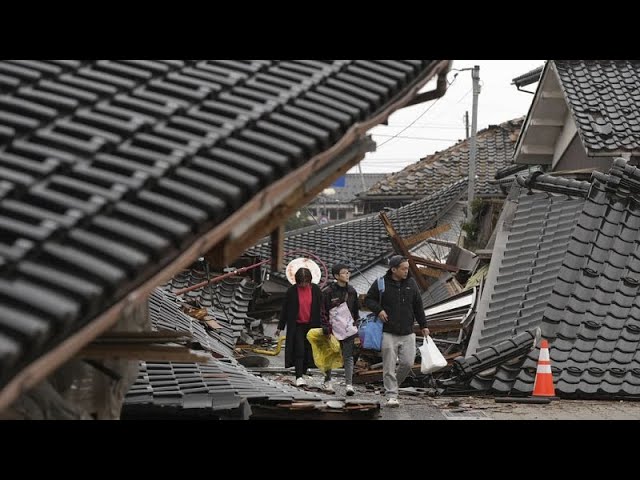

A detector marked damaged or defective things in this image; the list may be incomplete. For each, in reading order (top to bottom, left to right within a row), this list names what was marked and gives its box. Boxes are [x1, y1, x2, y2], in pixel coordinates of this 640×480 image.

broken roof [0, 57, 450, 408]
broken roof [358, 118, 524, 201]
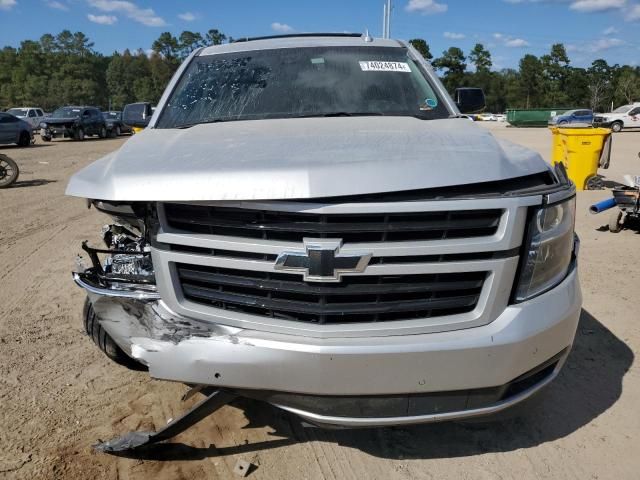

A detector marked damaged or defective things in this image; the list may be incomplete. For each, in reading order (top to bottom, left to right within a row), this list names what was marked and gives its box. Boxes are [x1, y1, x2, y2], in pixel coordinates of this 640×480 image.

damaged lower bumper [77, 262, 584, 428]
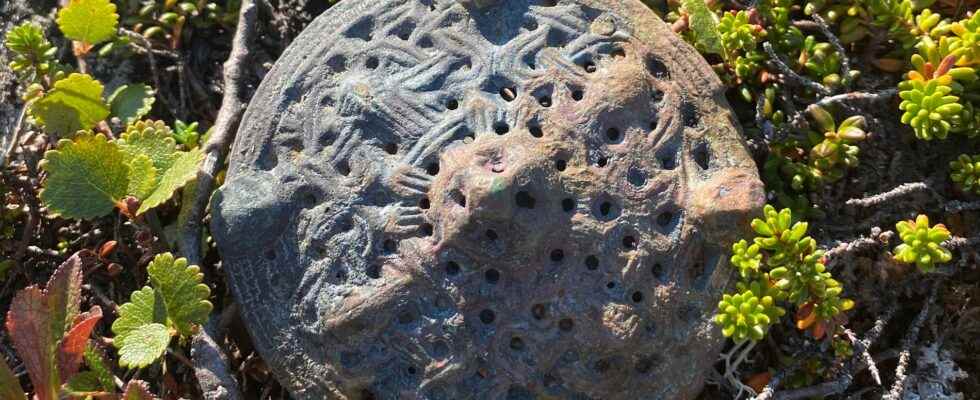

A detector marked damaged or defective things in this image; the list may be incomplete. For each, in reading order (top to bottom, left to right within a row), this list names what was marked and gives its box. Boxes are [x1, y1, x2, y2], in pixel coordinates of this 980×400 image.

corroded surface [212, 1, 764, 398]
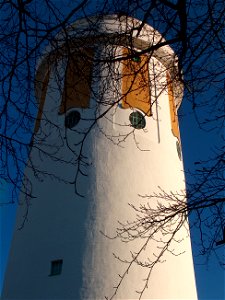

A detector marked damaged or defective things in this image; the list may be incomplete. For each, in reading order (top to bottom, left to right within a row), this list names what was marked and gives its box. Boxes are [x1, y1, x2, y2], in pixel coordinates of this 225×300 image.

rusty orange metal panel [121, 48, 151, 116]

WORK TO BE COMPLETED: Please set the records down again exactly as written. The pictures should not be included.

SOLUTION TO THIS TASK:
A detector marked damaged or defective things in this image; the list may be incomplete. For each, in reading order (top to bottom, left to right within a row), this list names what was marked and gives its box. Boxes are [x1, y1, x2, y2], in pixel coordinates of this 640×480 image.

broken roof [0, 57, 450, 408]
broken roof [358, 118, 524, 201]

A detector marked damaged or defective things in this image; the list may be incomplete. For each, in reading order (top to bottom, left to right within a row), this list names what was marked and gives its box. Boxes are [x1, y1, x2, y2], in pixel coordinates of this 640×480 image.

damaged lower bumper [77, 262, 584, 428]

A detector marked damaged or defective things in this image; the list may be incomplete. For each, in reading order (top to bottom, left to right within a row), this list names what was marked and gives its box. Boxes are [x1, y1, x2, y2], in pixel coordinates of this 980×400 image.

corroded surface [212, 1, 764, 398]

A detector marked damaged or defective things in this image; the list may be incomplete. For each, in reading order (top to bottom, left to right within a row), this list names what was marked and gives its box. Boxes are [x1, y1, x2, y2], in pixel coordinates of this 225×300 image.

rusty orange metal panel [121, 48, 151, 116]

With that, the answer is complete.